Point de vue de Jean-Baptiste Lagrange, IUFM de Reims et DIDIREM (Paris 7)
Bonne idée d'avoir lancé ce forum. Je voudrais livrer quelques impressions après avoir participé à l'Université de St Flour et lu les contributions. Celles-ci sont toutes intéressantes.
Merci à Dominique Tournes de nous avoir rappelé que la dimension expérimentale et l'usage d'outils ne sont pas nouveaux. Merci à Yves Chevallard de nous éclairer à nouveau sur les mécanismes de l'innovation et de l'évaluation.
La dimension internationale me laisse peut-être un peu sur ma faim. Il est certes nécessaire, comme nous y invite John Monaghan, de veiller aux contraintes d'une évaluation sommative à forte reconnaissance comme le baccalauréat et de bien peser les difficultés des "nouvelles tâches" dans le contexte de l'évaluation. On se souvient des ratés du baccalauréat 2003.
Mais au delà de ces précautions, existe-t-il des dispositifs innovants? Des pays où la dimension expérimentale existe davantage dans les traditions d'enseignement ont-ils des stratégies adaptées pour évaluer les compétences liées à cette dimension? Ou cette dimension disparaît-elle quand il s'agit de l'évaluation sommative?

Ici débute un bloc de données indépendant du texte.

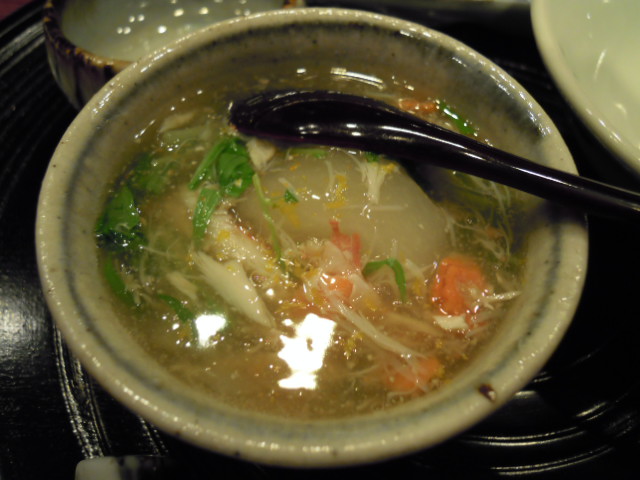 e0028505_2115475.jpg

Il est peut-être utile de remarquer que le baccalauréat, en France, n'est pas seulement l'évaluation finale du secondaire, mais aussi l'examen d'entrée à l'Université. Quelles compétences liées à l'expérimental et à l'usage de technologies pour les Mathématiques sont profitables à l'Université? Si l’on doit comparer avec l’étranger, ne devrait-on pas plutôt le faire au niveau des examens ou concours d’entrée dans les Universités ? Et qu’en est-il de la sélection à l’entrée dans les classes préparatoires ? Cette réflexion n’est pas anodine car il me semble que l’expérimental au secondaire tend par trop à se limiter à l’exploration numérique des propriétés (via le tableur ou la géométrie dynamique) et celle-ci risque d’être vue plutôt comme un obstacle à la poursuite de mathématiques plus avancées.
Michèle Artigue pose la question d'un compromis acceptable. Le rapport de l’inspection générale sur l'expérimentation montre bien comment une épreuve d’examen nouvelle est un compromis entre la nécessité d'innover et l'acceptabilité de l'innovation par les acteurs –en premier lieu les professeurs, entre la conception de dispositifs nouveaux et les contraintes de l’organisation déjà complexe de l’examen. Pour donner corps à cette idée de compromis, il est utile de revenir sur des épreuves impliquant la technologie au baccalauréat.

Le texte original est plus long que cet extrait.